**What needs to be done:** Using the listing below, set down exactly the lines starting at the line that contains "Tortuguero, Costa Rica, A" and ending at the line that contains "Ceramic Miniature Colored", both included, and no others.

**Input for this task:**
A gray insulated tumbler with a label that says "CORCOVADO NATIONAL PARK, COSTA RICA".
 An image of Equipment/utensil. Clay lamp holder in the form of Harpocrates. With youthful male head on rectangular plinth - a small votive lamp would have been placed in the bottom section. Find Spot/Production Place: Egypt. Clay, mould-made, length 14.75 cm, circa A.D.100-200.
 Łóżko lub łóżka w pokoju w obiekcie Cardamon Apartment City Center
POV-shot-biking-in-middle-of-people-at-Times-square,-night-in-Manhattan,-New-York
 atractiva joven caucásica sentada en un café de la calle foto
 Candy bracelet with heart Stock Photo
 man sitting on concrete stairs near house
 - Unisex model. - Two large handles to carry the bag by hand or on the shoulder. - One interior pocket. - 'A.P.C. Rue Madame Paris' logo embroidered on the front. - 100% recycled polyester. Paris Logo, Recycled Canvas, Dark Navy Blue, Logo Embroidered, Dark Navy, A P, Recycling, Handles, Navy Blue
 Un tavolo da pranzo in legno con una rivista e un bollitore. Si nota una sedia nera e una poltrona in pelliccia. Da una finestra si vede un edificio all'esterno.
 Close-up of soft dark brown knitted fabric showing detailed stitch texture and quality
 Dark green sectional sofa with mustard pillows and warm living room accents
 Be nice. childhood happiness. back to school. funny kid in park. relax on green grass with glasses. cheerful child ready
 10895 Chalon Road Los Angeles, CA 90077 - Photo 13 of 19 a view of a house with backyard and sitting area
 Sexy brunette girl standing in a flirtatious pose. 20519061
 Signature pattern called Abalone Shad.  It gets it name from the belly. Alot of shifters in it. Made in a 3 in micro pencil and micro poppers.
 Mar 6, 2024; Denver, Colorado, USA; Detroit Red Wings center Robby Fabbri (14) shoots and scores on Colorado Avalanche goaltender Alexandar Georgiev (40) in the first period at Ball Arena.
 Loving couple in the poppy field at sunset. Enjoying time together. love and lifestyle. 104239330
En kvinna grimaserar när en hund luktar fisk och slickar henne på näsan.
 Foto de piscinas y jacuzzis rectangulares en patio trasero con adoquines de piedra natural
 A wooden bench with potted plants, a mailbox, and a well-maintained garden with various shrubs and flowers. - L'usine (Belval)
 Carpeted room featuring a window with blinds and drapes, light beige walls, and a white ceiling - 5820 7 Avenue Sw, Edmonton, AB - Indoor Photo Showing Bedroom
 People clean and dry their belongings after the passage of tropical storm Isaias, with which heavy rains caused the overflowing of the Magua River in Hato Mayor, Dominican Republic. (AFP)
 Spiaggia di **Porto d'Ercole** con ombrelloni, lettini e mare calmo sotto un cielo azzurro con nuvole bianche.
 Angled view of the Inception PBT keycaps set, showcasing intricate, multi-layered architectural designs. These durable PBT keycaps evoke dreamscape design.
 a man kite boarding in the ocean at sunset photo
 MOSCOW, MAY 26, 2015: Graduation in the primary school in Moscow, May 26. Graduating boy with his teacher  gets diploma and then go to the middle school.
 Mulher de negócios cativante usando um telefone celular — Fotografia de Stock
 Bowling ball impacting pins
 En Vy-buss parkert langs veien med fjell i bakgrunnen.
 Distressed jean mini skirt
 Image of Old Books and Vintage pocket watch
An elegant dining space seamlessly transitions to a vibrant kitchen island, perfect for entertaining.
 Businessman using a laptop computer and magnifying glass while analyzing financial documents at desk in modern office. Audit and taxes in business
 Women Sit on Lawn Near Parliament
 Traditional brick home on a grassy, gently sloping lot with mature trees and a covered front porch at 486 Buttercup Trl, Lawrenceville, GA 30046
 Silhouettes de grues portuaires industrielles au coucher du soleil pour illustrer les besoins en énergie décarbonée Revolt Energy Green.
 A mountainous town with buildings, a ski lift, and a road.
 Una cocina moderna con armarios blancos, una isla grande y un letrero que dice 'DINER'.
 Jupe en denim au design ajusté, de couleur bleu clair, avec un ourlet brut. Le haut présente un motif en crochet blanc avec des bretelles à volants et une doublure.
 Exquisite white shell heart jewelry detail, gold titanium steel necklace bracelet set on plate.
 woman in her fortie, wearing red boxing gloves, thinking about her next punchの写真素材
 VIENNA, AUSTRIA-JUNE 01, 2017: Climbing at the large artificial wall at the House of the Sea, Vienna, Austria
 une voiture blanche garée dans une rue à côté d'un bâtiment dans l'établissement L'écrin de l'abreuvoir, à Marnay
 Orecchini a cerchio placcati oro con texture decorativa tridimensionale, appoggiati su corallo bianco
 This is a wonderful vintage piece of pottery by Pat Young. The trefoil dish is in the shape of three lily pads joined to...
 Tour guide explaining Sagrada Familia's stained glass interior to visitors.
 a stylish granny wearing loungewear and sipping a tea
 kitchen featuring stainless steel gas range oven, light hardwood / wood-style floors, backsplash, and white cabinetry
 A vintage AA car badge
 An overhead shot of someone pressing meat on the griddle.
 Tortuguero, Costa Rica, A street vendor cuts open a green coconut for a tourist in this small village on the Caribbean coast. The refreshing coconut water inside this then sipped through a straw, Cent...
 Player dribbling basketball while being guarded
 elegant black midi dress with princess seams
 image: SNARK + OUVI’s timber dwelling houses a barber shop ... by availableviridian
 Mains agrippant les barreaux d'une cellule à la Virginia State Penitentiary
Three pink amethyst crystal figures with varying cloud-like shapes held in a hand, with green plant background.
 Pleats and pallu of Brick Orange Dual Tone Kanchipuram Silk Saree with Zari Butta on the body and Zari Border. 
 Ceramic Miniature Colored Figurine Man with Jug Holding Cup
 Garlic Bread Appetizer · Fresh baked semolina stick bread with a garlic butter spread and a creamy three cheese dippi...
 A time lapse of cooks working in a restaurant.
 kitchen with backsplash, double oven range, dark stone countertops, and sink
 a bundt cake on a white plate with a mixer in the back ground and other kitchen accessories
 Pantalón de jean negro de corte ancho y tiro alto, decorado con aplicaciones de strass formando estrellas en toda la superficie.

**Task output:**
 Tortuguero, Costa Rica, A street vendor cuts open a green coconut for a tourist in this small village on the Caribbean coast. The refreshing coconut water inside this then sipped through a straw, Cent...
 Player dribbling basketball while being guarded
 elegant black midi dress with princess seams
 image: SNARK + OUVI’s timber dwelling houses a barber shop ... by availableviridian
 Mains agrippant les barreaux d'une cellule à la Virginia State Penitentiary
Three pink amethyst crystal figures with varying cloud-like shapes held in a hand, with green plant background.
 Pleats and pallu of Brick Orange Dual Tone Kanchipuram Silk Saree with Zari Butta on the body and Zari Border. 
 Ceramic Miniature Colored Figurine Man with Jug Holding Cup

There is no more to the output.